O auditório ficou tomado por agentes de segurança lotados na PM e na GCM, bem como em órgãos como Departamento de Trânsito e Defesa Civil. O tema já havia sido debatido pelos comandantes das duas corporações junto ao prefeito no final de janeiro. A ideia é colocar em prática o projeto ‘Juntos somos mais fortes’, que visa organizar, de forma conjunta, as ações preventivas e ostensivas das duas forças de segurança pública.

No encontro, os policias e guardas foram apresentados oficialmente ao projeto e receberam propostas de como deverão atuar daqui pra frente. “Se eu disser que meus 45 policiais dão conta da segurança de Itapira, estou mentindo. Da mesma forma, se eu disser que os 80 guardas civis municipais dão conta da segurança na cidade, também não é verdade. Agora, se nos unirmos e chegarmos a quase 130 pessoas, aí podemos começar a falar em segurança”, defendeu o major Mello Araújo.

Na prática, o projeto prevê que as duas corporações se planejem de forma a traçar objetivos conjuntos, visando, especialmente, a comunicação entre as unidades em operação na cidade. “Muitas vezes passamos pela Praça Bernardino de Campos e vemos duas viaturas paradas, uma da Guarda e outra da Polícia. Isso é sobreposição, uma dessas viaturas poderia estar em outro ponto”, disse o oficial.

Mello Araújo, contudo, reconheceu que os agentes precisam “ter humildade” e “quebrar paradigmas”. “Só assim poderemos conversar e chegar a resultados positivos”.

Policiais e guardas acompanharam explanações (Leo Santos)
Policiais e guardas acompanharam explanações (Leo Santos)

Ele considerou que, hoje, a integração existente na cidade é exceção, e não regra. “Muitos guardas se dão bem com policiais e vice-e-versa. Ás vezes, um conversa com o outro e trocam informações valiosas para o combate ao crime. Mas, muitas vezes, as informações são preservadas em uma corporação para que ela faça aquela ocorrência. Hoje, a Polícia Militar e a Guarda não compartilham suas informações. Precisamos nos integrar de corpo e alma para conseguir fazer o trabalho juntos sem influenciar nos serviços de cada um e sem ferir a lei. Precisamos vencer essas barreiras”, frisou o comandante do Batalhão.

O projeto também prevê operações conjuntas, em que a GCM e a PM trabalhem unidas em bloqueios de trânsito ou cercos em bairros, por exemplo. O major também afirmou que é preciso que os agentes das corporações definam graus de prioridades das ocorrências de acordo com seu potencial ofensivo. Para isso, citou que não é interessante, como via de regra, que uma viatura permaneça cinco horas empenhada em uma ocorrência de apreensão de pequenas quantidades de entorpecentes.

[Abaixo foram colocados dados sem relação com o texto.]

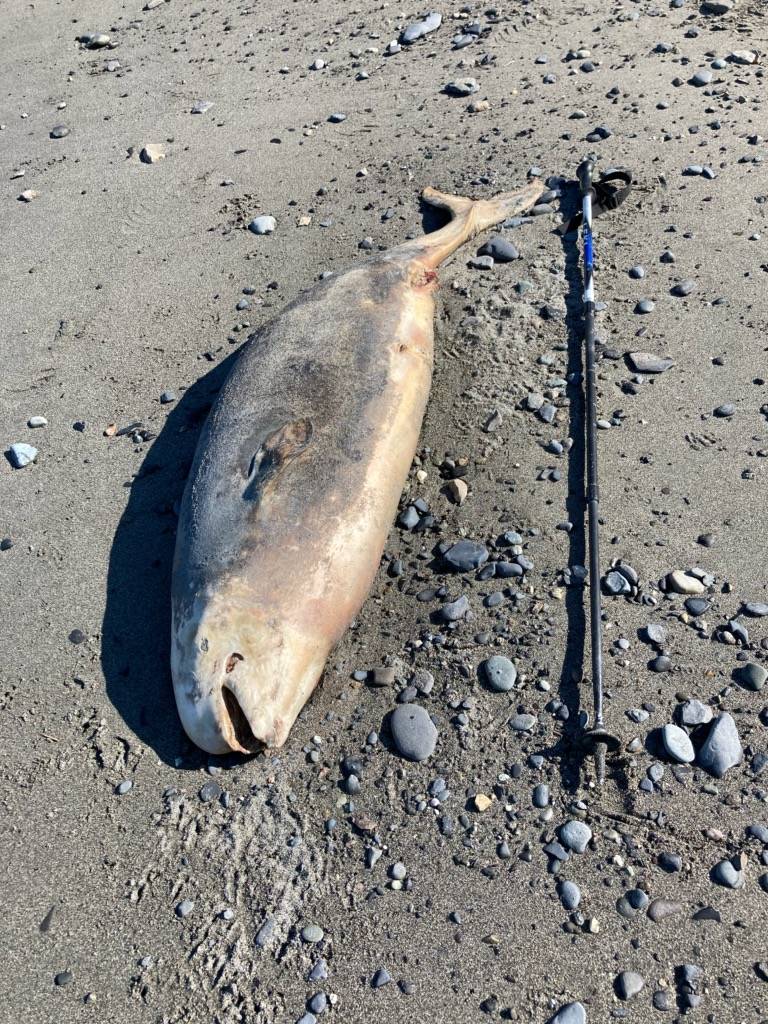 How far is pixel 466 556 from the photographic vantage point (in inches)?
151

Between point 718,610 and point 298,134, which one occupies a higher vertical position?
point 298,134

Em vez disso, ao trabalhar com troca de informações, inteligência e cooperação, é possível direcionar os esforços para ações que possam oferecer resultados melhores. “Recentemente tivemos uma bela ocorrência da Guarda Civil Municipal, que apreendeu cinco quilos de crack. Antes disso, a Guarda também apreendeu quase 50 quilos de maconha. Isso incomoda o traficante. Mas, não quero dizer que não devemos mais apreender menor com cinco pedras de crack, e sim que essa não deve ser a única prioridade do patrulhamento. O crime está organizado e unido, e nós não estamos. Isso será benéfico a todos os moradores da cidade”, salientou Mello Araújo.

OTIMISMO

Paganini se mostrou otimista (Leo Santos)
Paganini se mostrou otimista (Leo Santos)

Paganini e Ribeiro também falaram durante o evento, e destacaram otimismo e esperança de que o projeto dê certo desta vez, já que medidas semelhantes já foram propostas em anos anteriores, sem sucesso.  “Tenho esperança que dê certo, as duas corporações têm qualidade, só precisamos sensibilizá-las no sentido de que precisam se unir. Não podemos ficar somente no papel, temos que ir pra prática mesmo”, comentou o prefeito.

“Sabemos de todas as dificuldades do Estado e da própria Guarda em conseguir efetivo, mas mesmo assim é necessário unir forças para combater o crime”, completou.

O secretário de Defesa adotou a mesma linha de raciocínio. “Estou otimista, até pelos laços estreitos com a Polícia Militar e, principalmente, porque não vai haver desvio de mando, ou seja, cada corporação continuará com seu comando normalmente. Só vai deixar de haver competição. Hoje, trabalha-se de forma separada, e unindo as corporações tenho certeza que já muda muita coisa”, concluiu.